Porat mentioned that it was “beautiful” to see Google Search go from “10 blue links,” or the 10 links per page that characterized Google’s old search result interface, to now AI overviews, or AI-written summaries of search results that populate at the top of Search.

“It keeps evolving,” she said.

Google CIO Ruth Porat. Photo by Joe Scarnici/Getty Images for Fortune

Google began rolling out AI overviews to U.S. users in May. Almost immediately, things started going wrong.

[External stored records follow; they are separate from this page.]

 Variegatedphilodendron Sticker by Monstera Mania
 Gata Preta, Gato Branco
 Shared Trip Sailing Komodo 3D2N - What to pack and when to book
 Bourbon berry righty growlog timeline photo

The AI search results were hallucinating or spewing inaccuracies, telling users to eat rocks or make pizza sauce with non-toxic glue, for example.

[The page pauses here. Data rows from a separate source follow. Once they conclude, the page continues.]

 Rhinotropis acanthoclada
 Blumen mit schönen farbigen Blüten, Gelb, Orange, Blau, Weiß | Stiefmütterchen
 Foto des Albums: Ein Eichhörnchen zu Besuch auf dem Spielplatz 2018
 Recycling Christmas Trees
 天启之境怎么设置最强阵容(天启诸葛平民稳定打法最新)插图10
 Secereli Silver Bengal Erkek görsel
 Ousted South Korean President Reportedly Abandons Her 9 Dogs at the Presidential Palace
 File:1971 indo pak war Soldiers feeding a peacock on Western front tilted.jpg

Related: These Are AI’s ‘Most Obvious’ Risks, According to Google’s Former CEO

In the following months, Google adjusted the sources that it drew from for AI overviews, shifting away from forum-based sites like Reddit and more to sites with specialized knowledge, like Runners World.

Now, it’s clear that Google intends to keep adding AI features to search, even if it is a risky move.

Last week, Google CEO Sundar Pichai explained at the New York Times DealBook Summit that Google Search will significantly change next year. As AI models get more advanced, Search will be able to handle more complex questions than ever.

“I think you’ll be surprised even early in ’25 the kind of newer things Search can do compared to where it is today,” he said.

Related: Google CEO Sundar Pichai Says ‘You’ll Be Surprised’ By How Google Search Changes Next Year

Google has 89.98% of the global search engine market share, according to Stat Counter, with competitors like Bing and Yahoo! only holding 3.94% and 1.24% respectively.